What is required >>
Restate, word for word and with no pictures, the stretch of lines in the data below that begins at the line with "TL Yorke Floral" and ends at the line with "Gucci Women's Nude", inclusive.

Material for the task >>
=== Section Start ===
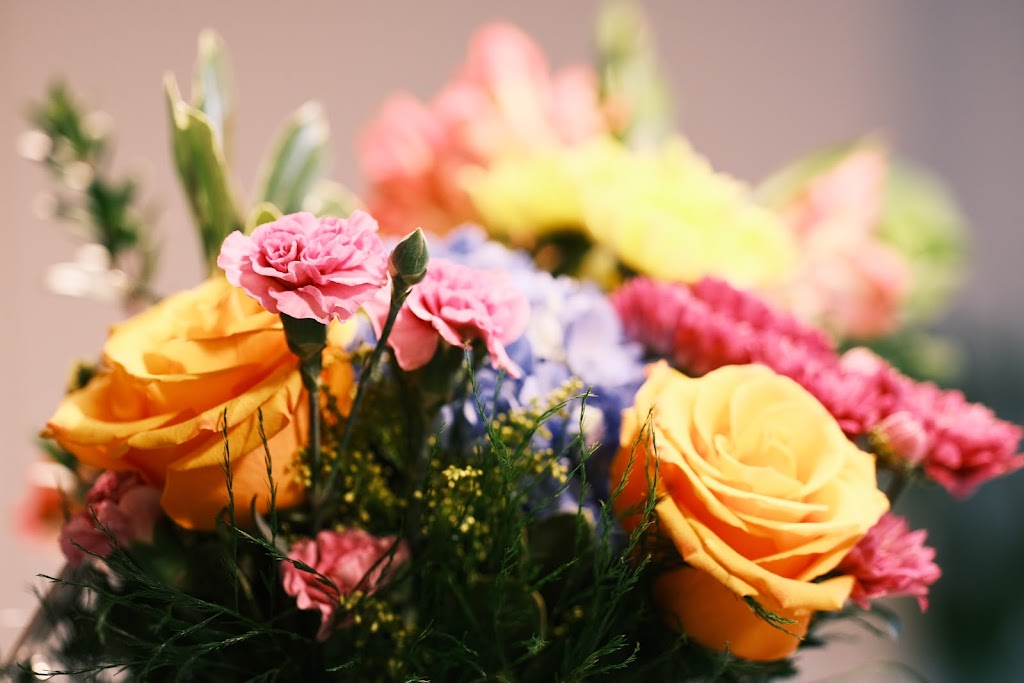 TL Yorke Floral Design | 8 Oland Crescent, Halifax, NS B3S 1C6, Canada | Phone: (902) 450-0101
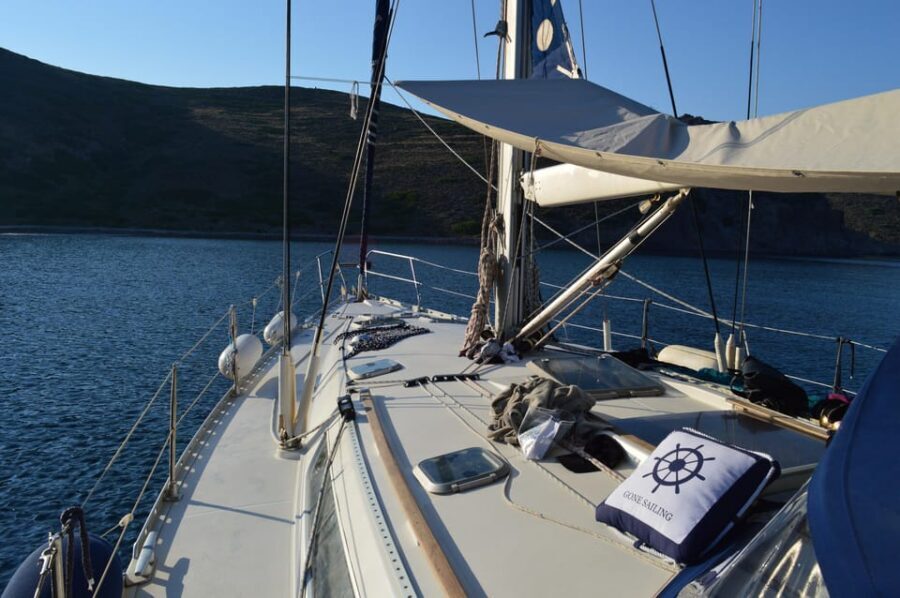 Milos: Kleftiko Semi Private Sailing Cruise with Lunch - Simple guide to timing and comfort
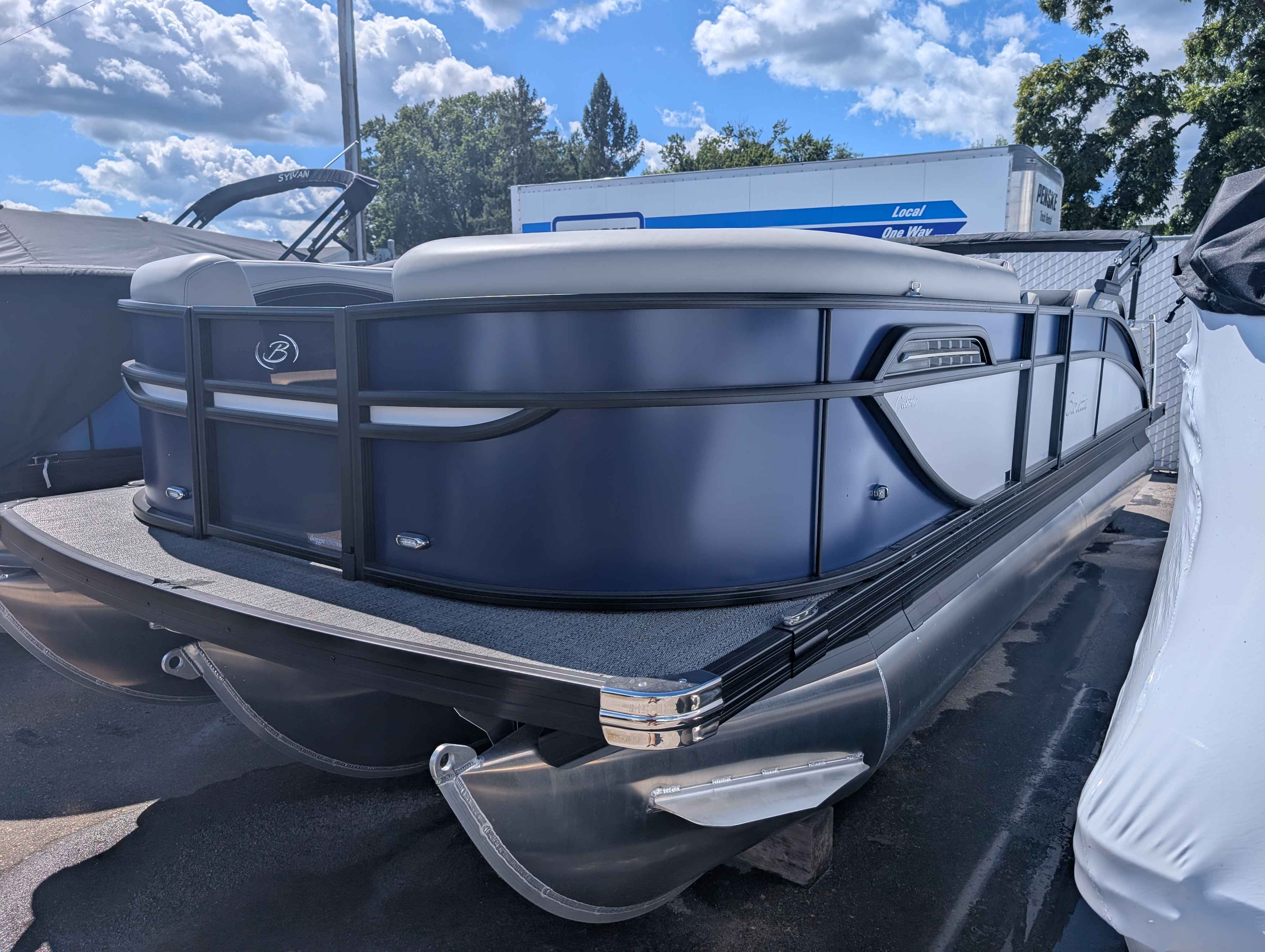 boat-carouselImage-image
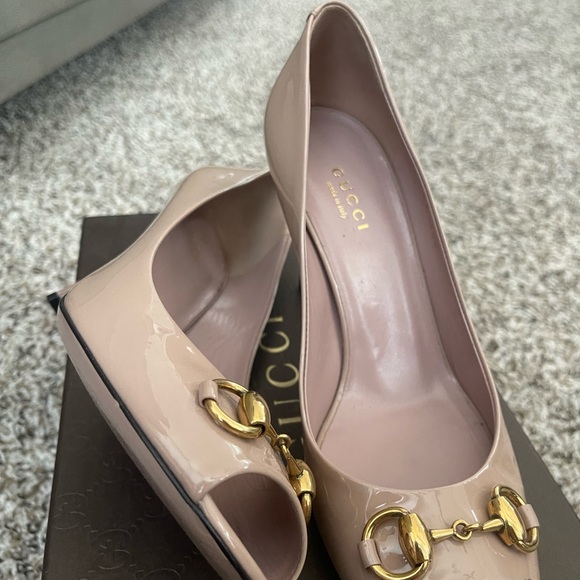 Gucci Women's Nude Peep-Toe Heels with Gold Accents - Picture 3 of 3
=== Section End ===
=== Section Start ===
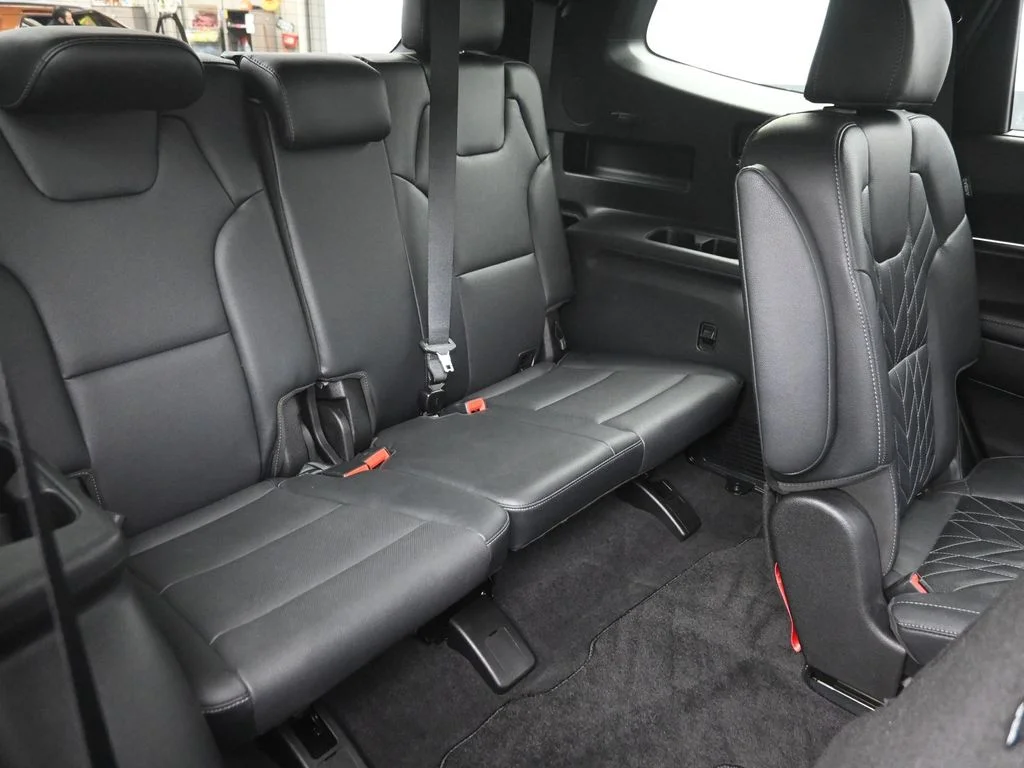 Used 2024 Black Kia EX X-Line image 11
=== Section End ===
=== Section Start ===
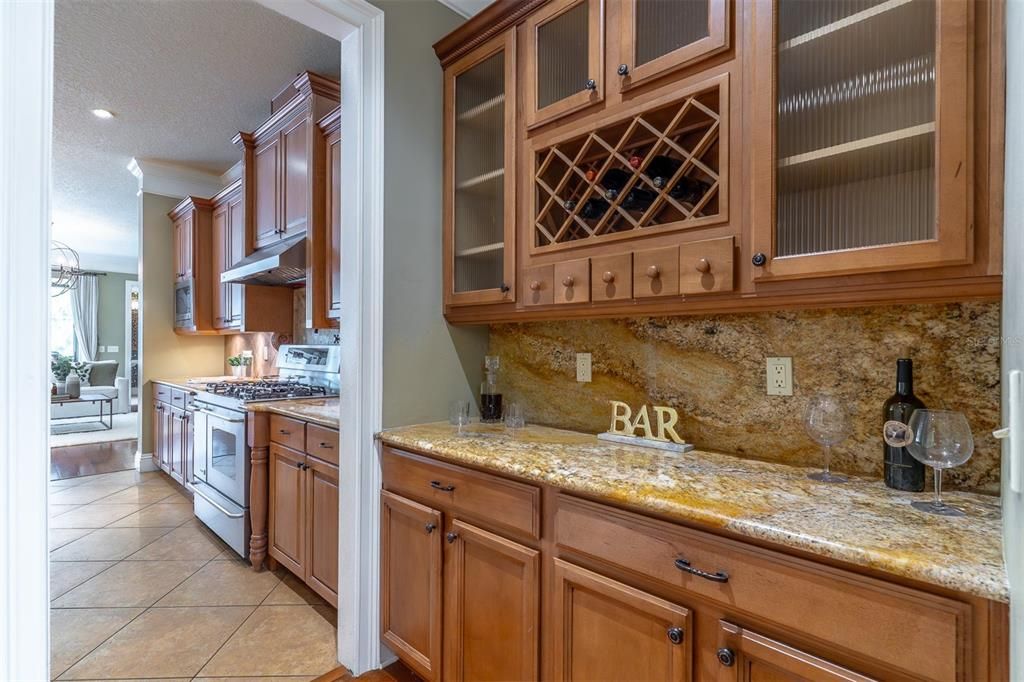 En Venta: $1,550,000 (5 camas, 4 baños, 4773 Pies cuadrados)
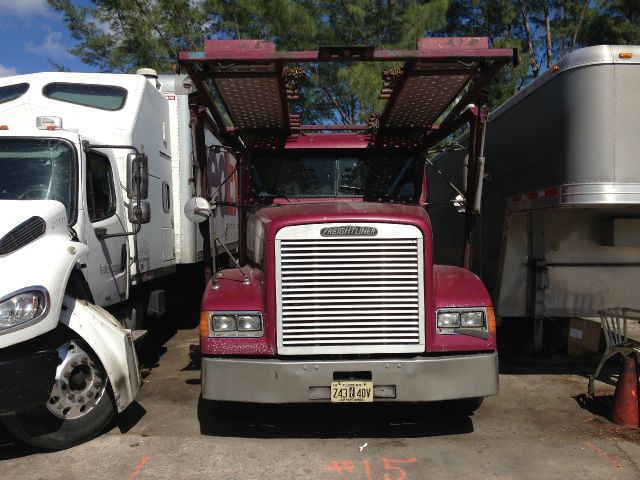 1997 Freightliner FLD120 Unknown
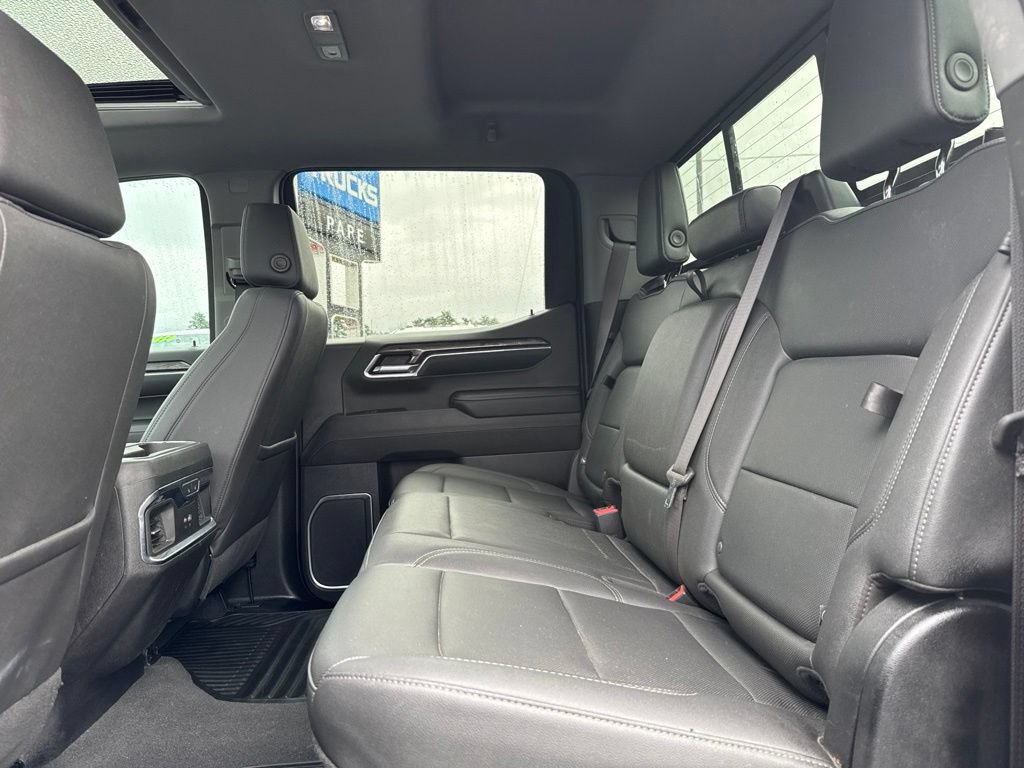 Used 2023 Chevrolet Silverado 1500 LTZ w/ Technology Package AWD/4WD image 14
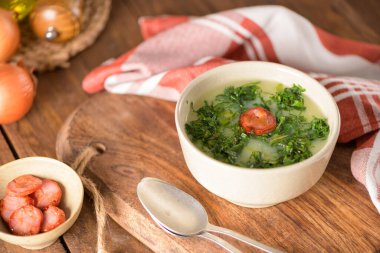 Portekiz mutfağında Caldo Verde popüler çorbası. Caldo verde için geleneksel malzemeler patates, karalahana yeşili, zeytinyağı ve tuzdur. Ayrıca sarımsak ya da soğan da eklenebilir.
=== Section End ===
Completed task >>
 TL Yorke Floral Design | 8 Oland Crescent, Halifax, NS B3S 1C6, Canada | Phone: (902) 450-0101
 Milos: Kleftiko Semi Private Sailing Cruise with Lunch - Simple guide to timing and comfort
 boat-carouselImage-image
 Gucci Women's Nude Peep-Toe Heels with Gold Accents - Picture 3 of 3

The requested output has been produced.